This Is Not A Conversation: Robert Cremins and Rob Zaretsky on Denis Diderot, Malcolm Bradbury, and Why We Write

This Is Not A Conversation: Robert Cremins and Rob Zaretsky on Denis Diderot, Malcolm Bradbury, and Why We Write
ROB ZARETSKY: After years as friends and colleagues, we realized we had a couple of mutual friends: Denis Diderot and Malcolm Bradbury. Over lemonades on a sultry Houston morning, I told you about the book I was writing, about the epic journey that Diderot made from Paris to Saint Petersburg in 1773 at the invitation of Catherine the Great. Prying the straw from your teeth, you blurted: “Have you read To the Hermitage?” It was, you explained, a novel about this very same trip — written, moreover, by your late and beloved professor, Malcolm Bradbury.

ROBERT CREMINS: As Diderot says in Malcolm’s novel, every Moi needs his Lui, and if wily LARB readers begin to suspect that these two separate “Roberts” who teach at the University of Houston are facets of the same self-disputing, ever-restless, slightly addled modern mind, then so much the better.

ZARETSKY: At first, my Moi was pissed at your Lui! Honestly, I was bummed by your news; I thought no one else had ever thought to devote a book to this extraordinary but little-known event. And, to be honest, I was even more depressed after reading the novel. What, I wondered, was there left to write? You’ll be glad to know, as will my editor, that I’ve since found more to say, though not half as well as Bradbury, who in turn did not say things half as well as his hero Diderot. Who could, after all?

And so I thought we should have the very thing that Diderot lived for, and I suspect Bradbury did as well: a conversation about these two remarkable individuals, both of whom are mostly forgotten today. As for whether this will spur LARB readers to dust off copies of these writers’ books at their nearest used book stores, well, as Jacques the Fatalist would say, it is already written on the Great Scroll above …

CREMINS: I imagine Malcolm, in the Library of the Great Scroll above, would be delighted that you have found more to say about Diderot’s Russian adventure, for a recurring truth in Hermitage is that “books breed books.”

The formal pretext for Diderot venturing east in 1773 was his appointment to Catherine’s imperial court as librarian. In his novel, Malcolm juxtaposes a witty recreation of Diderot’s journey with a narrative that is far more typical of the fiction — campus novels such as The History Man — that made him a prominent part of the British literary landscape in the second half of the 20th century. The counterpart story in Hermitage is a kind of floating campus satire, set in 1993; an aging British novelist and intellectual, not unlike Malcolm Bradbury, is part of a motley crew of conference attendees (Malcolm loved conferences, and conferences loved Malcolm) sailing across the Baltic to Saint Petersburg in search of the Diderot’s legacy. The Malcolm character befriends a larger-than-life Russian woman whose life’s work is the reconstitution of Diderot’s library. Scanning the shelves containing the philosophe’s precious volumes, the novelist thinks about the days “when cultivated men and women kept a genuine storehouse, a sequence of grand leatherbound monuments to their own true seriousness.”

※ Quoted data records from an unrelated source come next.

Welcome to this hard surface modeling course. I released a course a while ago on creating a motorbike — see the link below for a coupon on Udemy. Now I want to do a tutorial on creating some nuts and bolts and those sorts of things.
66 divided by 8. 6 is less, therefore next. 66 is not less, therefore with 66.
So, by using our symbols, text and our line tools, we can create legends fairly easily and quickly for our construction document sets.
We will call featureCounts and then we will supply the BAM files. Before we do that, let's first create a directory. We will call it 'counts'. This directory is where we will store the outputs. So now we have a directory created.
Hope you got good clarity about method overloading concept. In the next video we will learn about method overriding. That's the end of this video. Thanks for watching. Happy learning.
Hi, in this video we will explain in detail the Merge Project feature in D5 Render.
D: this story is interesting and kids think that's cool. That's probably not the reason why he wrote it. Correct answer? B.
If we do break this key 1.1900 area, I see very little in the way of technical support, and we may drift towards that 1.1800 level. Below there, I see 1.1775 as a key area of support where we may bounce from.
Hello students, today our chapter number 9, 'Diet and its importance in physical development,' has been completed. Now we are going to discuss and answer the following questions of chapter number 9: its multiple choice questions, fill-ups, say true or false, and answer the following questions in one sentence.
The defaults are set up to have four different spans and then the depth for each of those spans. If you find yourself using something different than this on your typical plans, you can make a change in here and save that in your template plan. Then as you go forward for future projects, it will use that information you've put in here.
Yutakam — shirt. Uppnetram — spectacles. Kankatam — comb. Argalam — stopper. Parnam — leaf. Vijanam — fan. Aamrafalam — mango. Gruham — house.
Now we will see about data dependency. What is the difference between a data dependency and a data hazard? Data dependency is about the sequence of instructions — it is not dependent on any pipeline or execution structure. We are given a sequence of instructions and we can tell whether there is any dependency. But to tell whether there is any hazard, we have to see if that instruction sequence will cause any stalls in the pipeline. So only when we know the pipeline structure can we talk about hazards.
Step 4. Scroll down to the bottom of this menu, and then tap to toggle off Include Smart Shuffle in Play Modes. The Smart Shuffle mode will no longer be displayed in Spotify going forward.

That moment brings to mind something I heard on the BBC. Anthony Burgess’s biographer quoted Malcolm saying Burgess was “a storehouse of culture.” I think the same could be said about Malcolm himself. When he died in 2000, I remember feeling that we had lost not just a wonderful person and writer, but also a whole archive of wisdom. Sir Malcolm was, among many other accomplishments, a pioneering professor of American studies in Britain at the innovative University of East Anglia, where I was fortunate to study with him in the creative writing program. Minds like Bradbury and Diderot — they didn’t just create libraries, they were libraries.

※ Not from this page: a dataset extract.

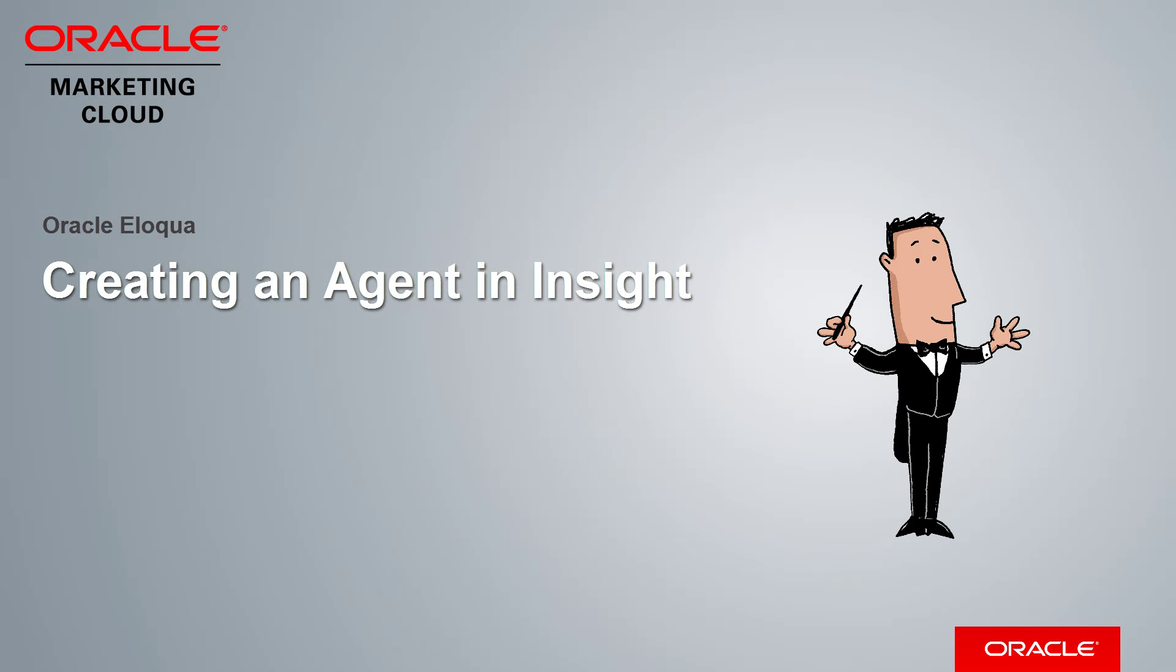Welcome to Oracle Marketing Cloud Help Center videos. In this video, we will cover how to create an agent.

ZARETSKY: Yes, you’re right about the libraries: Diderot and Catherine had a library in common, but it wasn’t the imperial one in Saint Petersburg — at least, not yet there. You see, the library in question — all 3,000 books or so — happened to be in Diderot’s flat in Paris. It was the warehouse not just of Diderot’s dizzying eclectic interests, but also one of the workshops that crafted the 18th century’s greatest work: the Encyclopédie, the work that first introduced Diderot to Catherine.

In 1759, the royal censors tried to shut down Diderot and his merry (and free-thinking) band of scribblers. A couple of years later, eager to ingratiate herself with the philosophes, Catherine wrote to a harried Diderot from Saint Petersburg, offering to provide him with everything he needed to continue to publish the massive work. Perhaps because it would be located in Riga, Diderot replied “Merci, mais non merci.” But Catherine was persistent. A few years later, when she learned that Diderot had decided to sell his library in order to provide a wedding dowry for his daughter, Catherine pounced. She offered to buy the library for a royal sum, allow Diderot to keep it until his death and, with a flourish that rippled through the literary salons of Paris, appoint Diderot as his own library’s librarian, with a princely salary to boot.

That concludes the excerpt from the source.